Chegamos finalmente ao final da trilogia de Murakami.
É demasiado tarde que os dois guarda-costas do líder assassinado da seita Vanguarda compreendem a ligação entre o endereço onde tinham ido buscar o cadáver do investigador privado Ushikawa, que trabalhava para eles, e Tengo. Acorrendo apressadamente para ali, deixam o corpo do detetive numa sala frigorífica das instalações da seita, ninguém assistindo ao estranho fenómeno, que ali decorre: da boca dele saem seis homens minúsculos do Povo Pequeno, que logo crescem para cerca de setenta centímetros de altura. Para aí executarem a missão de que tinham sido incumbidos: “Foi assim que o Povo Pequeno criou uma nova crisálida de ar. Desta vez, ninguém cantou ou entoou um ritmo. Em silêncio, foram retirando os fios do ar, arrancando cabelos da cabeça de Ushikawa e - num ritmo constante e suava - teceram com destreza uma crisálida de ar. Pese embora a sala estar gelada, o seu hálito não se transformava em vapor branco. Se estivesse ali alguém a observar a cena, também estranharia. Ou talvez nem sequer tivesse reparado, dadas as outras coisas surpreendentes, que estavam a acontecer.” (pág. 489)
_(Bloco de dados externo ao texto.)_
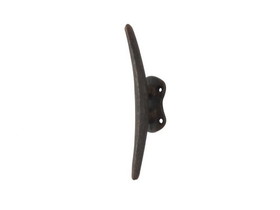Handcrafted Model Ships K-1461A-rc Rustic Copper Cast Iron Cleat Wall Hook 6"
Por essa altura já Aomame e Tengo seguem de táxi pela autoestrada para Sangenjaya, aonde irão procurar a escada de emergência por onde ela acedera àquele 1Q84. E vai explicando ao namorado: “Viemos até este mundo para nos podermos encontrar. Não o percebemos, mas foi com esse fim. Enfrentámos toda a sorte de complicações: coisas que não faziam sentido, coisas difíceis de explicar. Estranhas, sangrentas e tristes. E, por vezes até coisas belas. Foi-nos pedido que fizéssemos um juramento, e nós jurámos. Submeteram-nos a provas duras, e nós ultrapassámo-las. Conseguimos cumprir o propósito que nos trouxe aqui. Mas, agora, o perigo aproxima-se. Eles querem a nina que trago dentro de mim.” (pág. 500)
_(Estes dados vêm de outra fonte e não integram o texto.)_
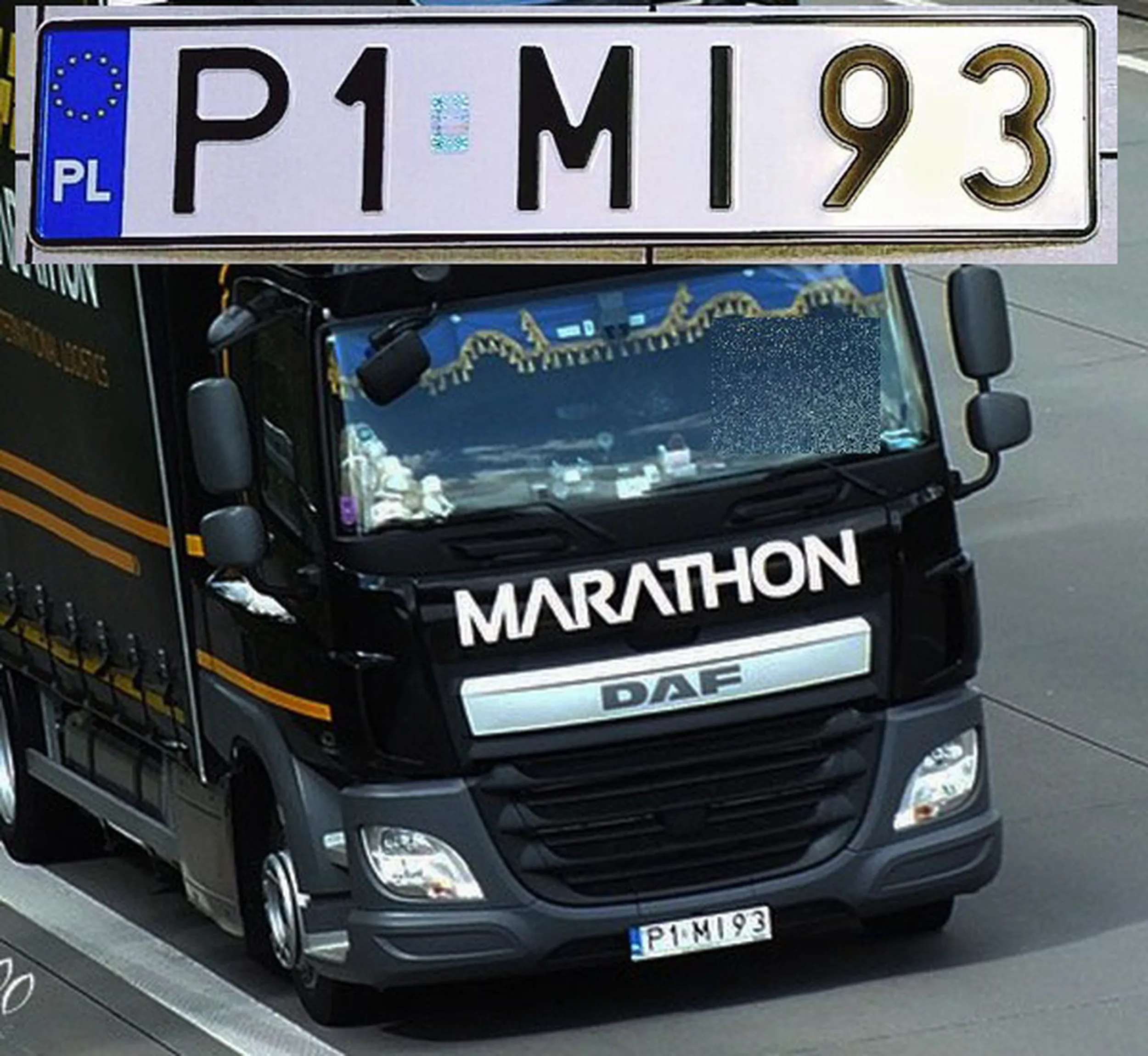 Fajny numer, blacha P1 MI93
Quando descobrem a escada de emergência e a sobem vão desembocar num mundo só com uma lua. Esses degraus propiciavam a passagem de 1Q84 para 1984, ou pelo menos para outro mundo que não aquele de que se despediam e onde o Povo Pequeno constituía uma imprevisível ameaça.
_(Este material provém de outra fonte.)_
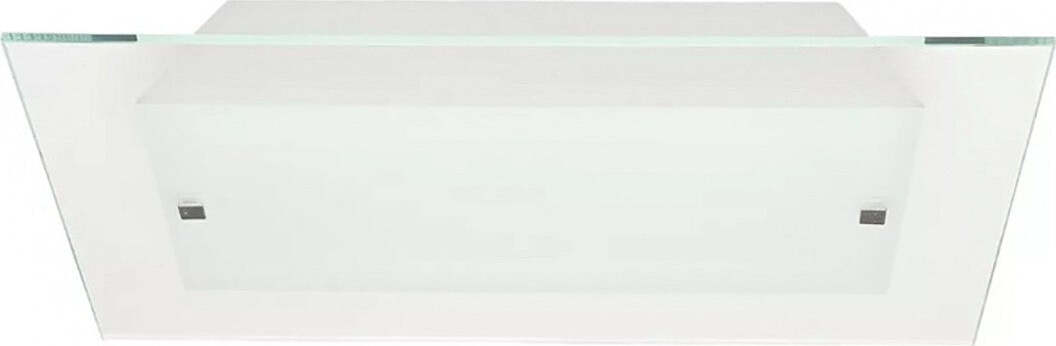 Plafoniera-Illuminando-FLAT-PL-50-E27-LEDlampada-soffitto-quadrata-moderna-vetro-satinato-trasparente-interno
Aomame faz a síntese daquele momento muito especial: “Continuo sem saber que tipo de mundo é este (…) Mas seja qual for o mundo em que estamos, tenho a certeza de que é onde vou ficar. Onde vamos ficar. Este mundo também dever ter as suas ameaças, os seus perigos, e estar cheio dos seus próprios enigmas e contradições. Podemos ter de percorrer muitos caminhos sombrios, que nos conduzirão sabe-se lá aonde. Mas não faz mal, não há problema. Aceitarei este mundo tal qual é. Não irei a lado nenhum. Aconteça o que acontecer, é aqui que vou ficar, neste mundo com uma lua. O Tengo, eu e esta coisa pequenina.” (pág. 518).